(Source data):
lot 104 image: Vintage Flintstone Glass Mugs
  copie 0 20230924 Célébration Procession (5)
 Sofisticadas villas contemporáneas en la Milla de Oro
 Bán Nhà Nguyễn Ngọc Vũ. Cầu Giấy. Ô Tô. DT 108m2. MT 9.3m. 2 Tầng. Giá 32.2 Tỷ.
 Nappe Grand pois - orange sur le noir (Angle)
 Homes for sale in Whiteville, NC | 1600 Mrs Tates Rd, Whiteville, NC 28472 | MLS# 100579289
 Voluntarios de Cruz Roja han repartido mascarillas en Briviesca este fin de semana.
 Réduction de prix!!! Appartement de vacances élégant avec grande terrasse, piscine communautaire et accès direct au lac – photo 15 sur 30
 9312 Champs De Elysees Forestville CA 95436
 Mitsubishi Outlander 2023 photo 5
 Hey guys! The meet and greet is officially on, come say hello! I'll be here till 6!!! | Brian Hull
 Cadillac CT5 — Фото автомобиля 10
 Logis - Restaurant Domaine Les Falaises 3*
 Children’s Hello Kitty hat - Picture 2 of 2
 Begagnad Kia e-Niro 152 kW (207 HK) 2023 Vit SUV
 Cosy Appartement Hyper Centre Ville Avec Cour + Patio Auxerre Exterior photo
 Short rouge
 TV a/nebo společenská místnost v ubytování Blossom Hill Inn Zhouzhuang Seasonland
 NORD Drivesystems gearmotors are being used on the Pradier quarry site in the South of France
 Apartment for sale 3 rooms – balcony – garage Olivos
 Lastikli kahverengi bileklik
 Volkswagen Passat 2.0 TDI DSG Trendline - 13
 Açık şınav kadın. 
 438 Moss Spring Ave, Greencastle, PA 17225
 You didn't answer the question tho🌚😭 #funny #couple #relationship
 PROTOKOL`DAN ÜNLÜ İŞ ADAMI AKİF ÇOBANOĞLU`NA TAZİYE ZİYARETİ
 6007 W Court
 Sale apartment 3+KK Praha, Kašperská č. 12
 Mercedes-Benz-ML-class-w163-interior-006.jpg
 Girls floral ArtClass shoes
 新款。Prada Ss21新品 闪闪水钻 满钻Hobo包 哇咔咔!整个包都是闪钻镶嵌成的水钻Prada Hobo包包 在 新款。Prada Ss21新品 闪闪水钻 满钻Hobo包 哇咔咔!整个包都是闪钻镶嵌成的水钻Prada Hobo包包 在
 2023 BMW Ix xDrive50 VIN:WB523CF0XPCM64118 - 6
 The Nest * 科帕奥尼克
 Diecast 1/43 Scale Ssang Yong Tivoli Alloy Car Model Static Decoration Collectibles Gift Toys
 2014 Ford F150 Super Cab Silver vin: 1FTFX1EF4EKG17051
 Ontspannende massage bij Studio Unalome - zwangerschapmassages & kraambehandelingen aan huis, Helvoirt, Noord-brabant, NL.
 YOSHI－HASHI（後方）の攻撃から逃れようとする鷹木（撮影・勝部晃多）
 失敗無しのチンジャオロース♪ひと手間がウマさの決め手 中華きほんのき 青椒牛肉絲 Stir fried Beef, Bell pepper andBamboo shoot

(The task):
The lines from the one containing "2014 Ford F150" through the final line of the entries above are to be printed exactly, with nothing added.

(Response below):
 2014 Ford F150 Super Cab Silver vin: 1FTFX1EF4EKG17051
 Ontspannende massage bij Studio Unalome - zwangerschapmassages & kraambehandelingen aan huis, Helvoirt, Noord-brabant, NL.
 YOSHI－HASHI（後方）の攻撃から逃れようとする鷹木（撮影・勝部晃多）
 失敗無しのチンジャオロース♪ひと手間がウマさの決め手 中華きほんのき 青椒牛肉絲 Stir fried Beef, Bell pepper andBamboo shoot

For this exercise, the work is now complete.